• [Provided data]
····················
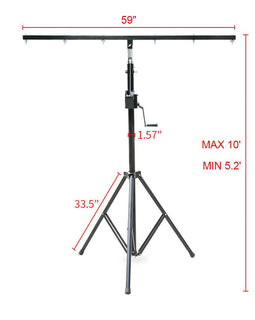 MR DJ ST200 Crank Light Stand Pro Lighting 12 Foot Crank Light Stand & T-Bar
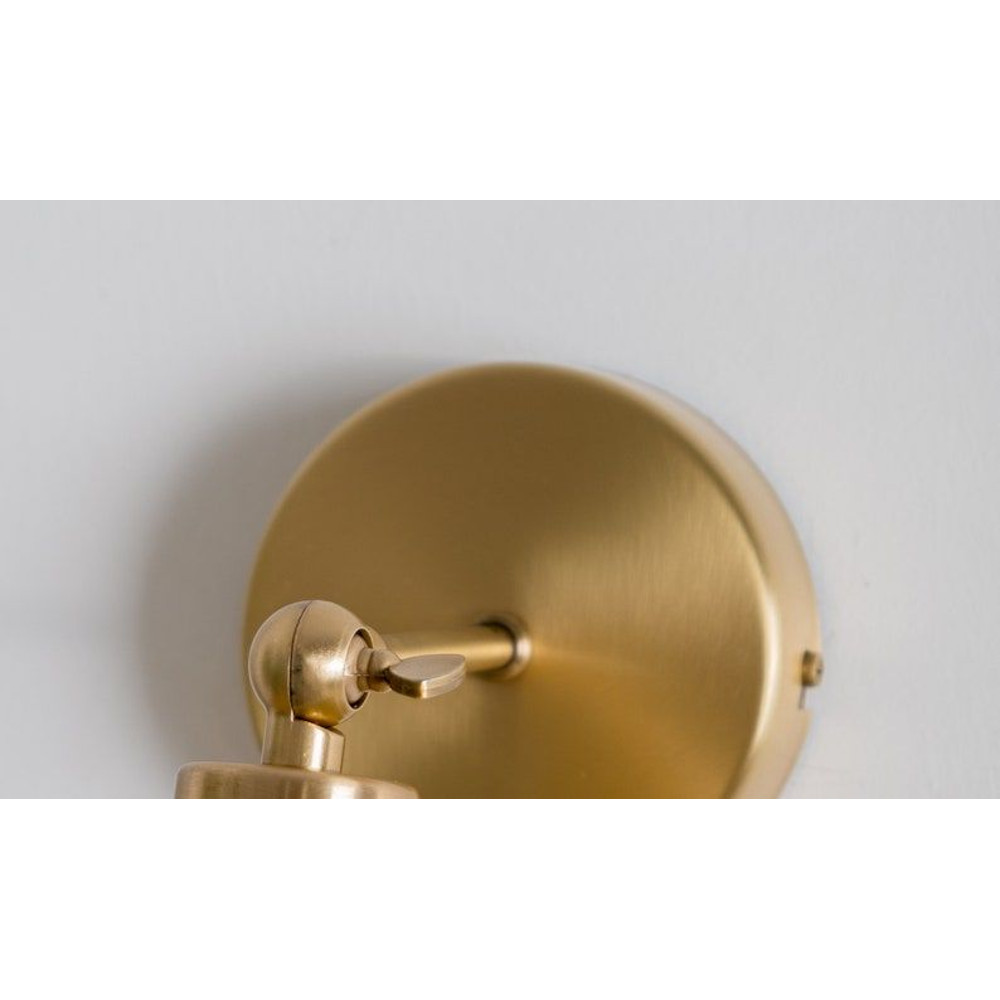 Aged Brass Wall Sconce Lighting Solid Brass Adjustable Wall Sconce Mid Century Wall Lamp 1950s S 7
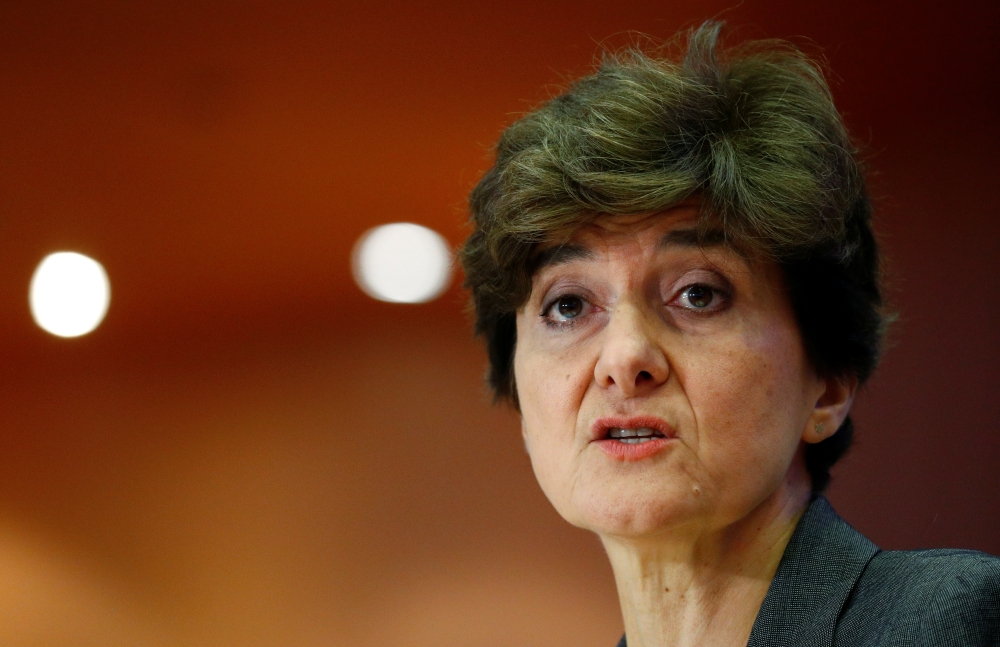 European Internal Market Commissioner-designate Sylvie Goulard of France speaks during her second hearing before the European Parliament in Brussels, Belgium, on Thursday. — Reuters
····················
• [Aim of the exercise]
Whenever you reach a picture, pass over it; print all the other material exactly.

• [Task answer]
 MR DJ ST200 Crank Light Stand Pro Lighting 12 Foot Crank Light Stand & T-Bar
 Aged Brass Wall Sconce Lighting Solid Brass Adjustable Wall Sconce Mid Century Wall Lamp 1950s S 7
 European Internal Market Commissioner-designate Sylvie Goulard of France speaks during her second hearing before the European Parliament in Brussels, Belgium, on Thursday. — Reuters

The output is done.